Me resulta difícil responder a esta pregunta. No me lo había preguntado hasta que me sugirió reflexionar sobre ello Rafael de la Puente (Secretariado de Asuntos Sociales de la UVa), quien me invitó a participar en el taller «Experiencias de docencia inclusiva» del Campus Inclusivo de la UVa celebrado el pasado julio. No me lo había preguntado porque las emociones no necesitan preguntas ni respuestas, no admiten bien pasarse por el tamiz de la razón. Es como si me preguntara para qué sirve un abrazo.
Y es que en el taller en el que tuve la fortuna de participar exponiendo mi modesta experiencia de docencia inclusiva pude percibir muchas emociones entre los/las chicos/as participantes en el campus, los/las compañeros/as profesores/as, los/las voluntarios/as,… Fue muy fácil dejarse impregnar por la emoción de compartir nuestras visiones y percepciones sobre la diversidad, de reconocer las muchas capacidades que encontramos entre nuestros/as alumnos/as, de aprender lo que nos enseñan las limitaciones en las capacidades propias y ajenas.
Fue fantástico conocer qué esperan los/las alumnos/as de nosotros/as, sus futuros/as docentes, escuchar sus inquietudes, sus demandas y tantas cosas que han aprendido en los muchos años que han formado parte de aulas muchas veces poco inclusivas.

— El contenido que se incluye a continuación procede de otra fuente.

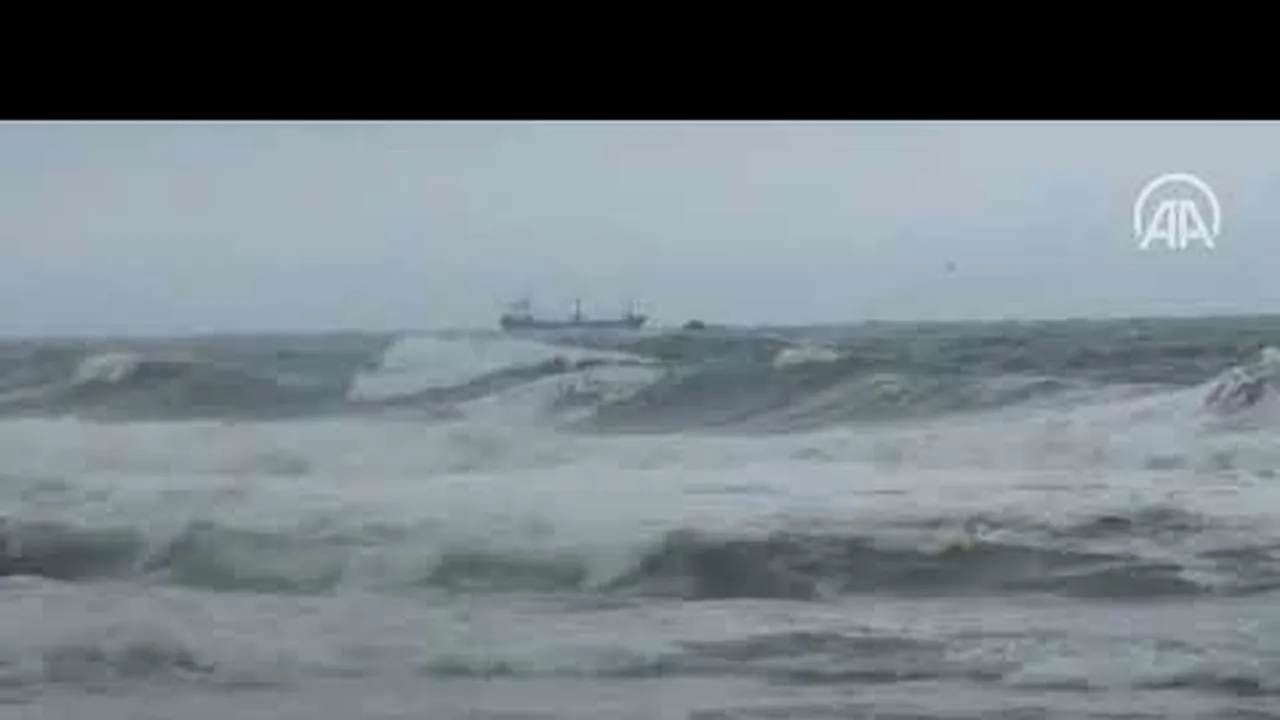 O navă rusească de transport marfă s-a scufundat în Marea Neagră, în largul coastelor provinciei Bartin din Turcia (VIDEO)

Y fue increíblemente revelador entender que lo que querían los/las chicos/as participantes en el campus no difiere mucho de lo que quiere cualquier/a alumno/a universitario/a: ser escuchado y atendido; ser reconocido como algo más que un número de lista, con suerte, algo más que dos apellidos y un nombre de pila; percibir que alguien se ocupa y se preocupa de su aprendizaje; sentir que el centro del aula es él, no el profesor/a; entrar al aula con ganas y salir de ella siendo mejor persona porque allí encontró un espacio para el conocimiento pero, también, un entorno para la inclusión, la convivencia y el crecimiento personal.
Y llegado a este punto, me pregunto lo que antes no me había preguntado… ¿para qué sirve el campus inclusivo de la UVa? Y, ya puestos, ¿para qué sirve un abrazo?

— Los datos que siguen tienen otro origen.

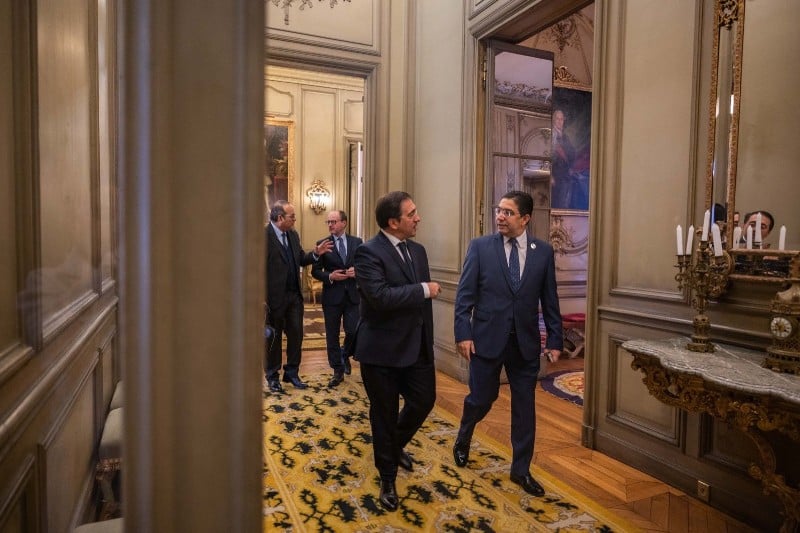 فضيحة التحرش الجنسي لقنصل مغربي.. بوريطة يستنجد بألباريس للتأثير على قرارات العدالة الإسبانية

Hace unos días leí un relato precioso de David Grossman, bellamente ilustrado por Michal Rovner (Ed. SextoPiso), titulado «El abrazo«. Ben pasea con su madre por el campo al atardecer. Ella, en un momento del paseo, le susurra que es un cielo y que no hay nadie como él en el mundo entero. Ben se sorprende ante esta afirmación y se asusta porque no puede aceptar que sólo haya uno como él en el mundo, porque no quiere aceptar ni reconocer que está solo. Su madre, cariñosa, le explica que somos seres únicos y especiales, que todos, él, ella, su perra Maravilla,… “todos estamos un poco solos, pero también juntos; estamos solos y juntos a la vez”. Ben, desconcertado, no puede dejar de preguntar cómo es posible lo uno y lo otro. Y cuando lo hace, cuando se lo pregunta a su madre, ella le abraza con todas sus fuerzas para que Ben sienta su corazón latiendo y piense: “ahora no estoy solo, no estoy solo”. “¿Lo ves?”, le susurra la madre, “para esto exactamente se inventó el abrazo”.
Si ya sé para qué sirve un abrazo, ahora me resulta muy fácil explicar para qué sirve el campus inclusivo de la UVa: para hacer que cada una de las personas que en él participaron se sintiera única y especial, para que todos/as sintiéramos el abrazo de la diversidad.
¡Enhorabuena a los/las organizadores/as por el acierto en la programación de esta estupenda iniciativa y, en especial, a Rafael de la Puente por el éxito en su realización!